Could you transcribe the entries below exactly, starting at the line that contains "Schöne Penthouse Wohnung" and stopping at the last line, without any pictures?

╭─ Records supplied

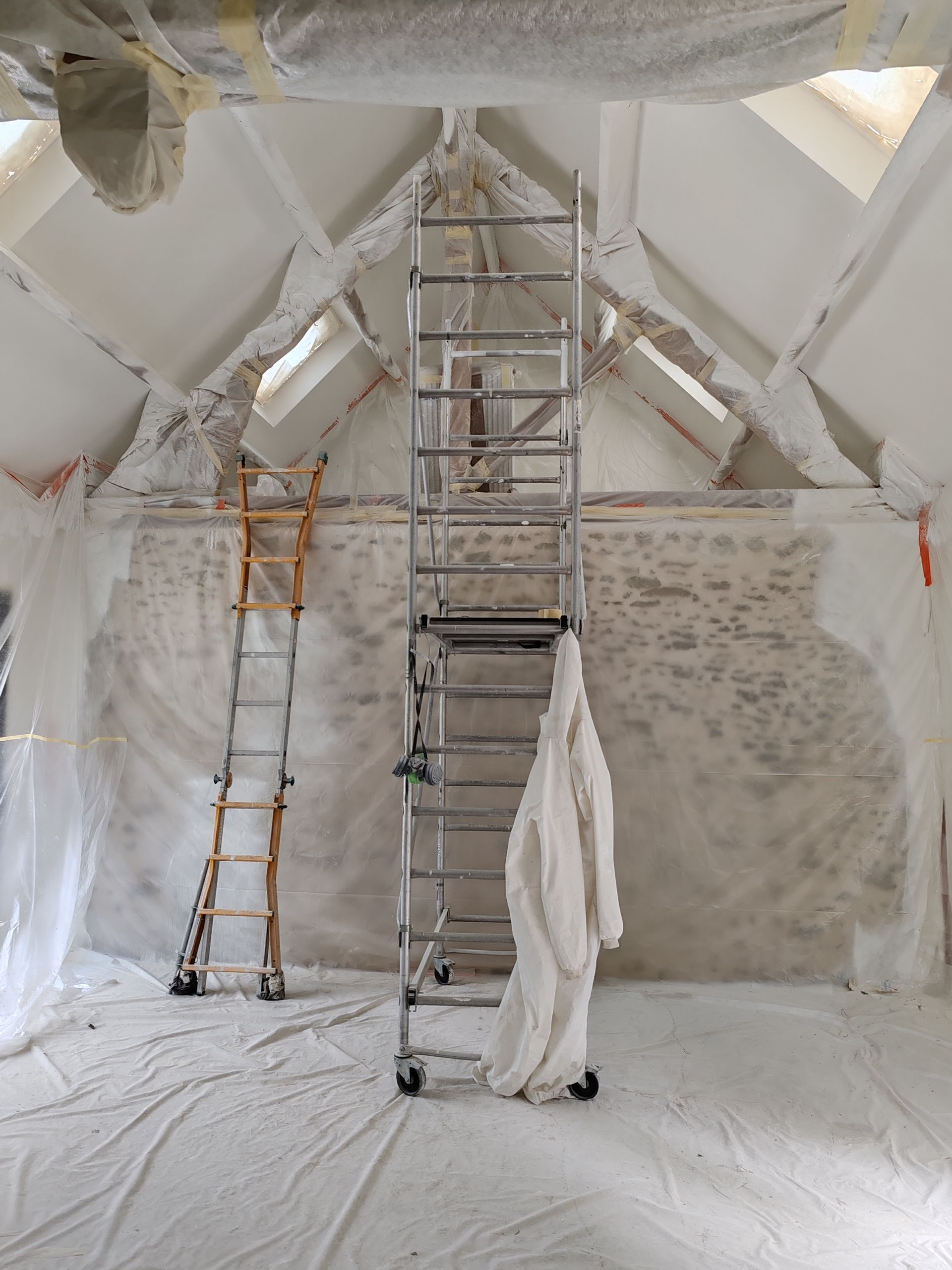 Protection des surfaces avant peinture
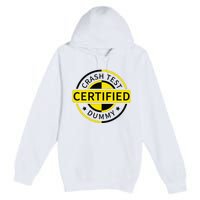 Certified Crash Test Dummy Funny Injury For Injured Friend Premium Pullover Hoodie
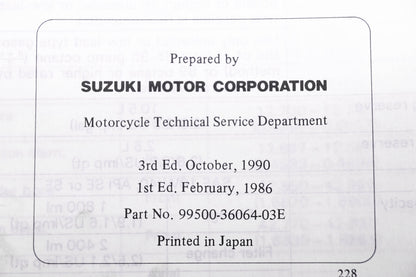 OEM Suzuki 99500-36064-03E LS650 Service Manual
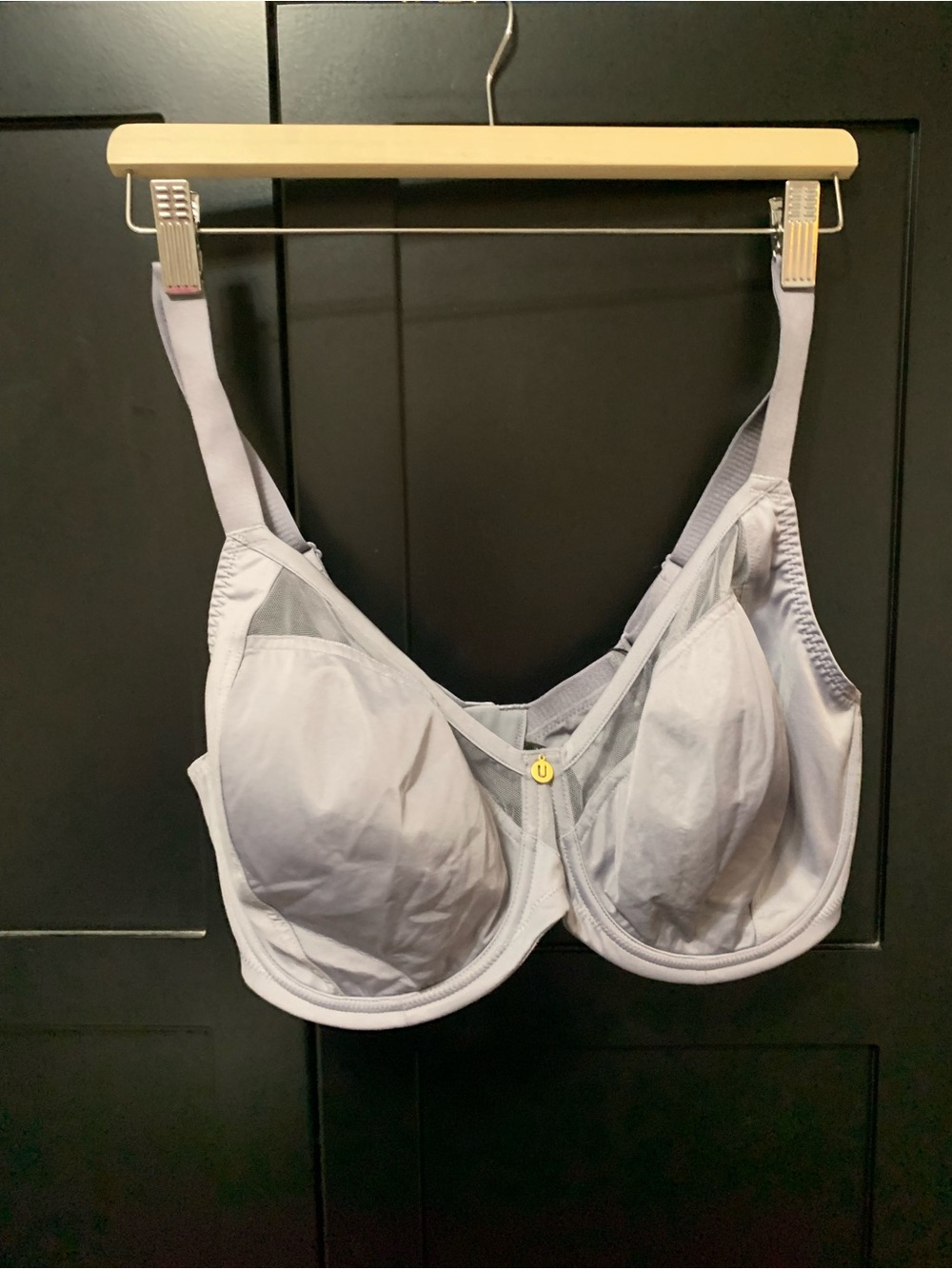 Understance 38G Everyday Full Coverage Underwire Bra in Light Gray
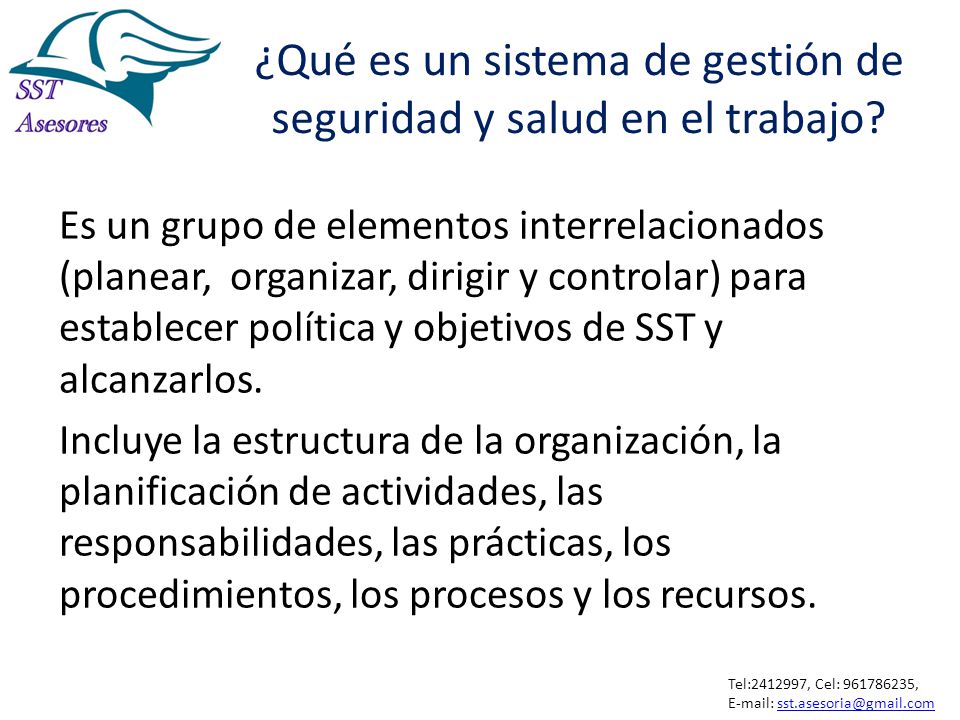 ¿Qué es un sistema de gestión de seguridad y salud en el trabajo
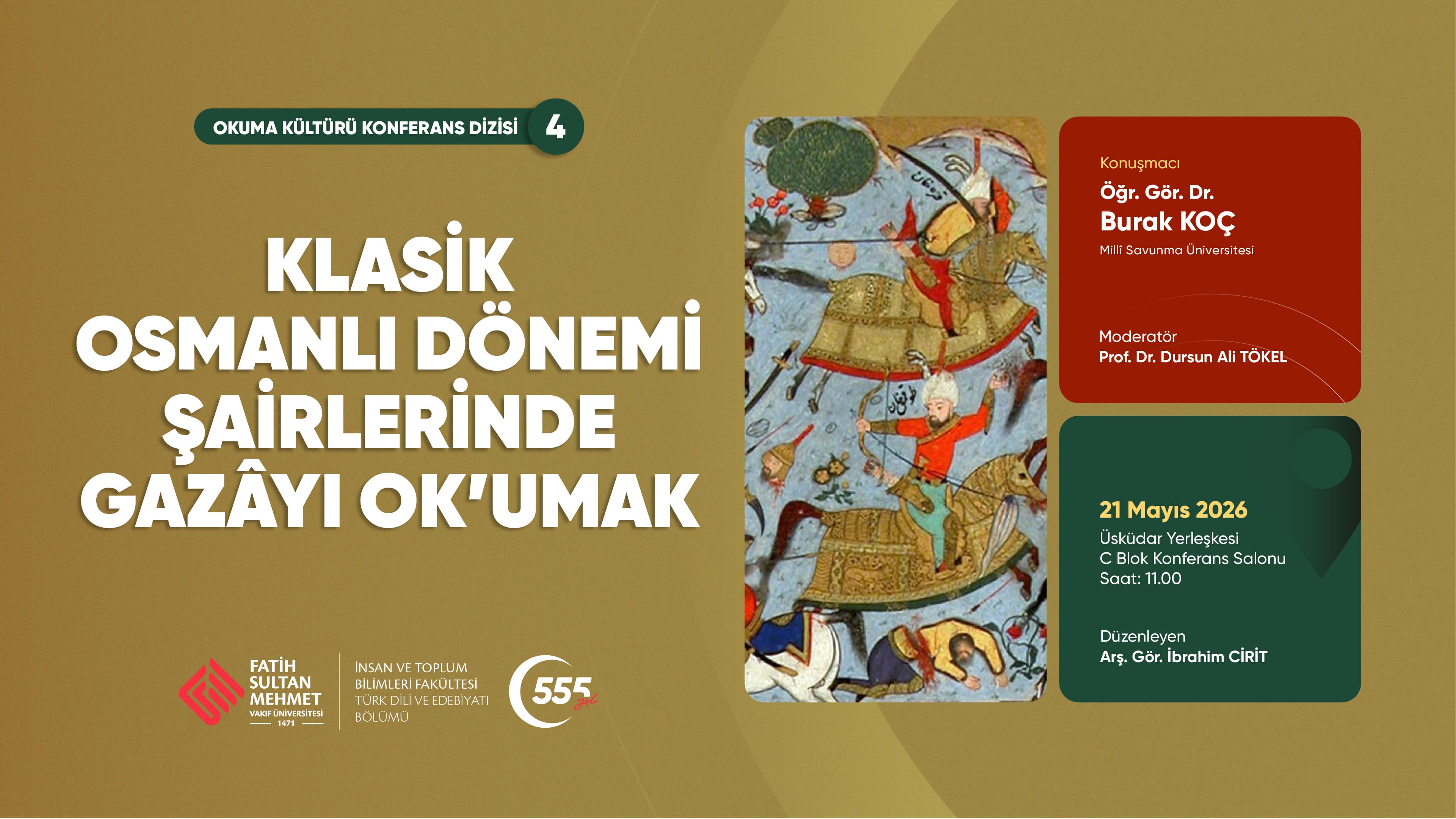 Klasik Osmanlı Dönemi Şairlerinde Gazâyı Ok'umak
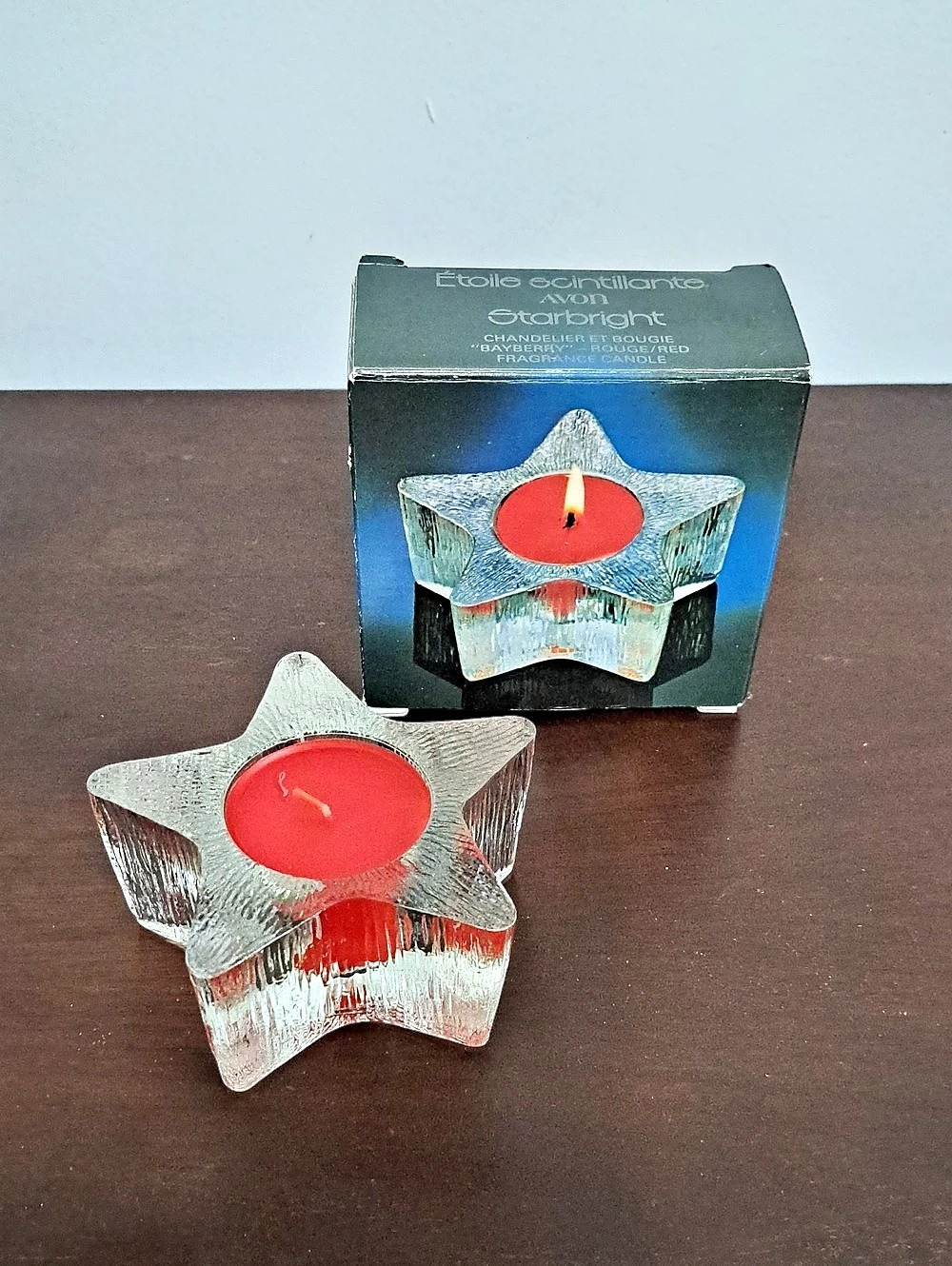 Avon Starbright Chandelier Star Candle Holder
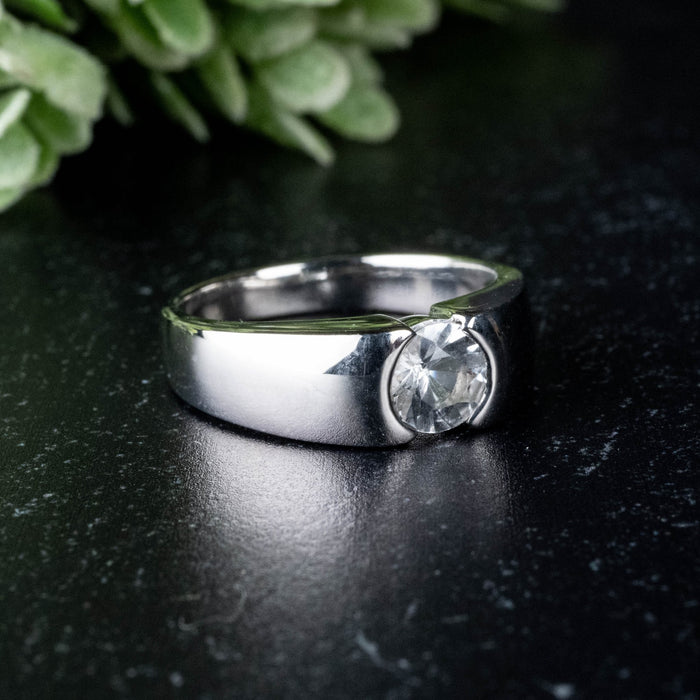 Phenakite Ring 5.7mm 0.70 ct Size 7 - InnerVision Crystals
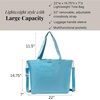 image:imageBaggallini Carryall Tote  Lightweight Nylon Zipper Top Weekender Travel Beach Bag wLuggage SleeveSeaside Blue
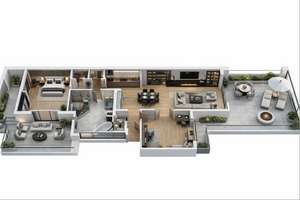 Schöne Penthouse Wohnung im Samariterkiez - 3 Zimmer möglich, 150qm Wohnfläche – Die vollständige Adresse der Immobilie erhältst du vom Anbieter., 10247 Friedrichshain, Berlin – Vorschaubild 32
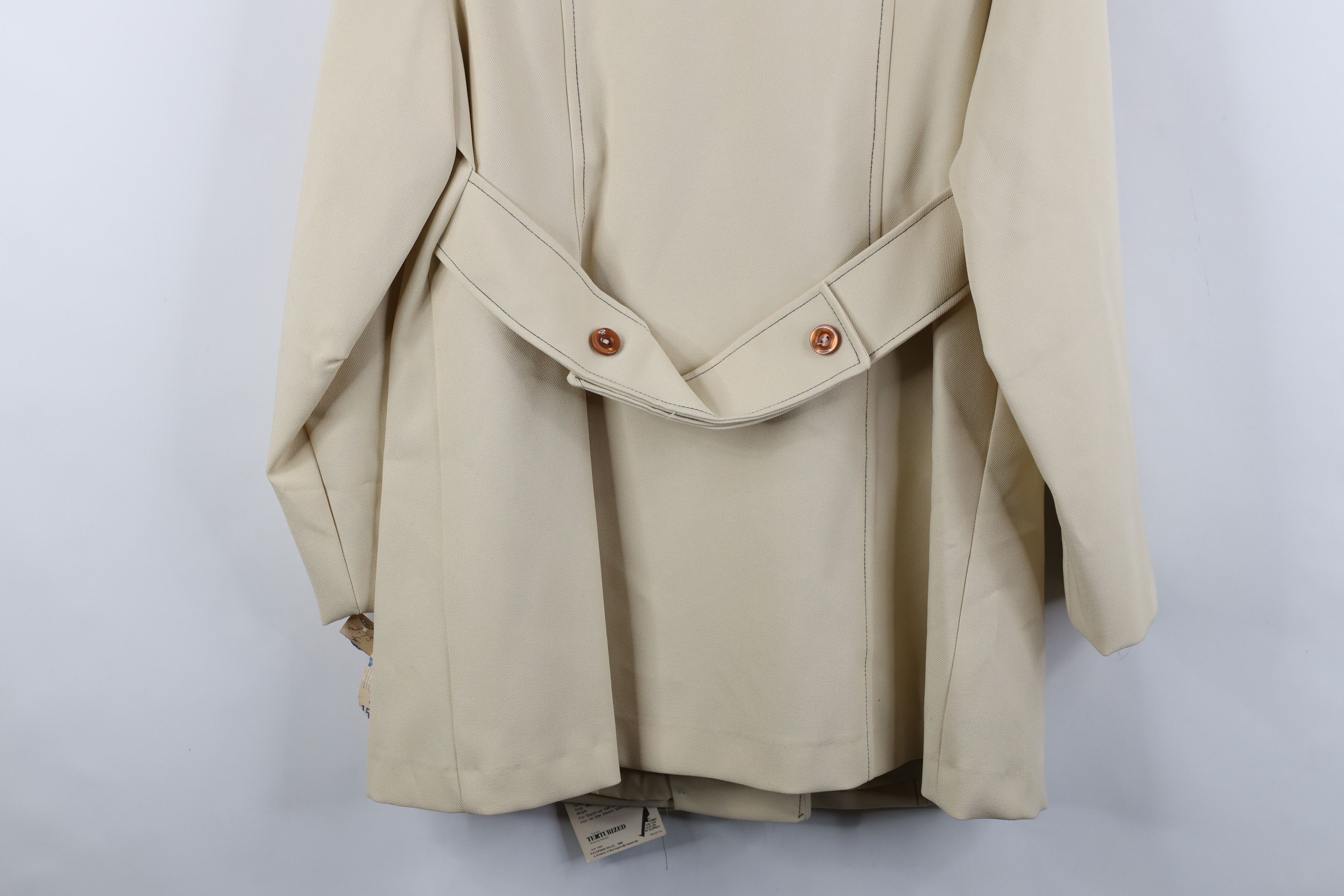 Vintage Deadstock Vintage 60s Streetwear Breasted Trench Coat Jacket Size XXL / US 16-18 / IT 52-54 - 15 Thumbnail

╰─

Task solution —
 Schöne Penthouse Wohnung im Samariterkiez - 3 Zimmer möglich, 150qm Wohnfläche – Die vollständige Adresse der Immobilie erhältst du vom Anbieter., 10247 Friedrichshain, Berlin – Vorschaubild 32
 Vintage Deadstock Vintage 60s Streetwear Breasted Trench Coat Jacket Size XXL / US 16-18 / IT 52-54 - 15 Thumbnail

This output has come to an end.